What to do: Give back exactly the lines of the material below that start at the one holding "Turquoise bottle of" and end at the last line, minus the pictures.

Source material:
::::

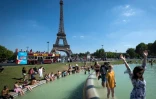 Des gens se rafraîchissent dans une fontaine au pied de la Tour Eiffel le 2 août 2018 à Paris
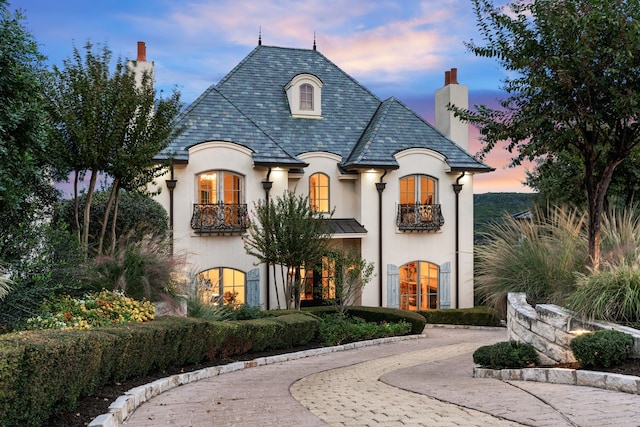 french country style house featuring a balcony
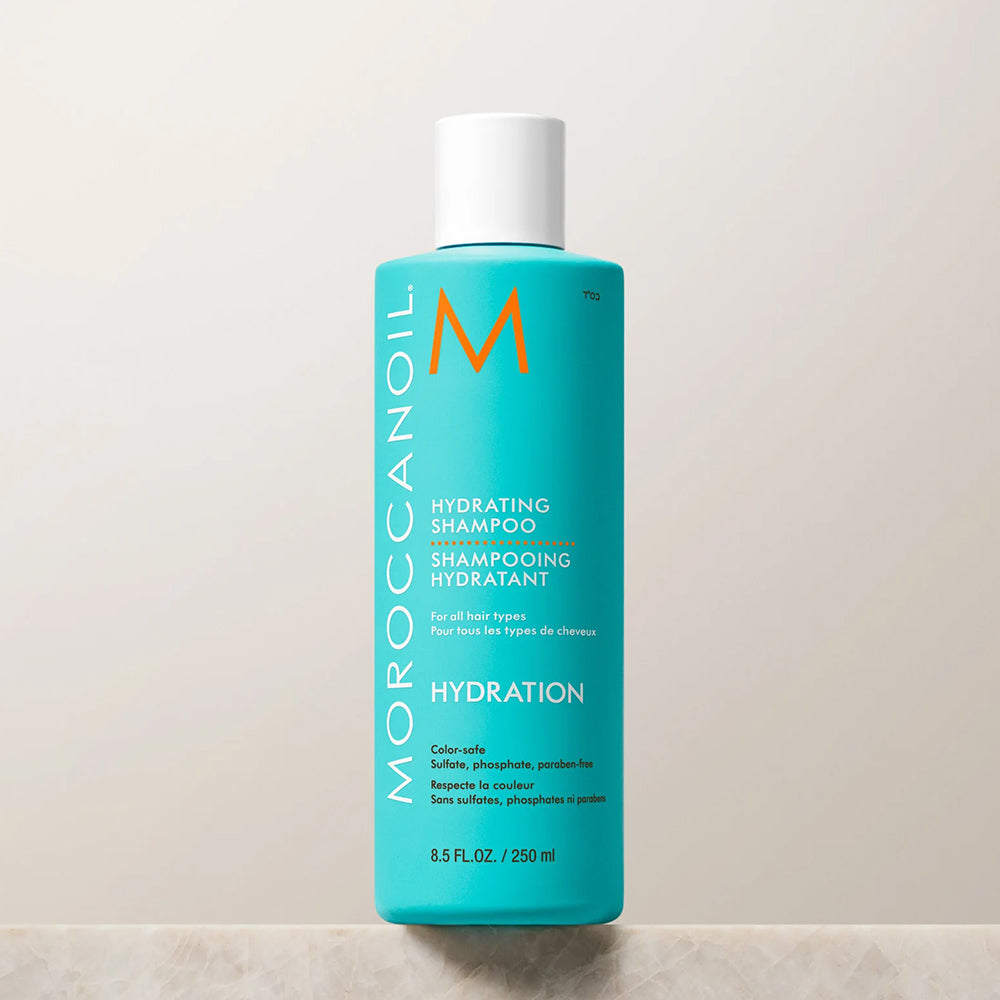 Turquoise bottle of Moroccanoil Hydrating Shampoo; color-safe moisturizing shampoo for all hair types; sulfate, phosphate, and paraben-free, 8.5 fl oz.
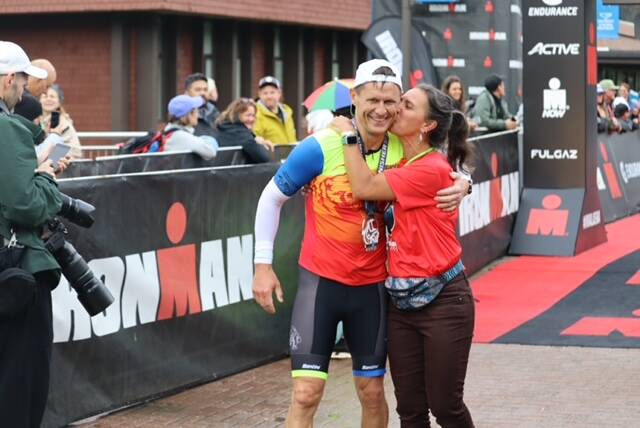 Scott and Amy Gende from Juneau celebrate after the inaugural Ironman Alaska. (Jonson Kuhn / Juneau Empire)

::::

Answer to the problem:
 Turquoise bottle of Moroccanoil Hydrating Shampoo; color-safe moisturizing shampoo for all hair types; sulfate, phosphate, and paraben-free, 8.5 fl oz.
 Scott and Amy Gende from Juneau celebrate after the inaugural Ironman Alaska. (Jonson Kuhn / Juneau Empire)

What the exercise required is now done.